Daily Reading for March 19 • St. Joseph

We know little of Joseph. There were dramatic moments in his life, of course: Bethlehem, the flight into Egypt, the temple episode, but my feeling at least is that for the essential Joseph, the body and substance of his life was in the ordinary, simple, working, family life in Nazareth. The child and his mother depended on him for food, a home, love, basic education, a place in the social fabric of their village. He seems to have been a simple man, hidden in his ordinariness, “only” Joseph the carpenter. He did not have any part in Christ’s public life of preaching. It would seem he was dead by then. More profoundly, his contribution to Christ’s work was situated at another level, at the level of his personal relationship with Christ, what he gave of himself to the human person of Jesus. We know how important this is in the development of the personality. Judging by the fruits, he loved much and wisely.

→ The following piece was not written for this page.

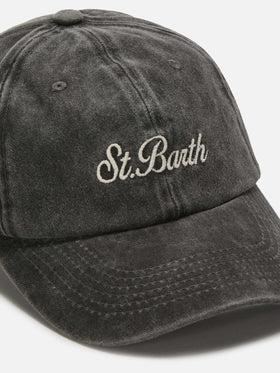 Cappellino Davis con visiera in cotone grigio scuro con logo ricamato DAS0004 07564L MC2 SAINT BARTH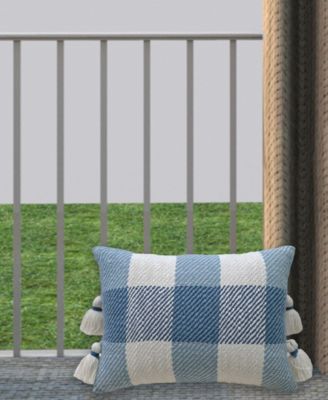 CLOSEOUT! Linden Street Handloom Woven Textured Plaid Decorative Pillow, 14'' x 20''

As a Brother, your contribution to the body of Christ which is the Church will have some of the same characteristics. It will be simple yet essential. It will be very much incarnated, yet the fruit of the Spirit. It will be concerned with the material well-being of a small group of Christ’s disciples, yet it will be Jesus whom you will serve in them. Its truth will be plain to see, verifiable in a very concrete obedience, effort, humility and charity, yet it will receive all its energy from within, from a deep, personal love of Christ and a willingness to carry the burdens of his cross as they present themselves in the vicissitudes of real life. Prayer and work will be inextricably interwoven in the silent world of the monastery, not the silence of absence of life, but the harmonious silence of well-ordered activity. Like Mary and Joseph you will follow the way, not of riches or power, but the humble hidden path of Nazareth and so enter, day by day, more deeply into the kingdom of God.

From “Receiving the Habit of a Converse Brother” in The Spirit of the Place by a Carthusian prior, quoted in Wisdom of the Cloister: A Monastic Reader, edited by John Skinner (Image Books, 1999).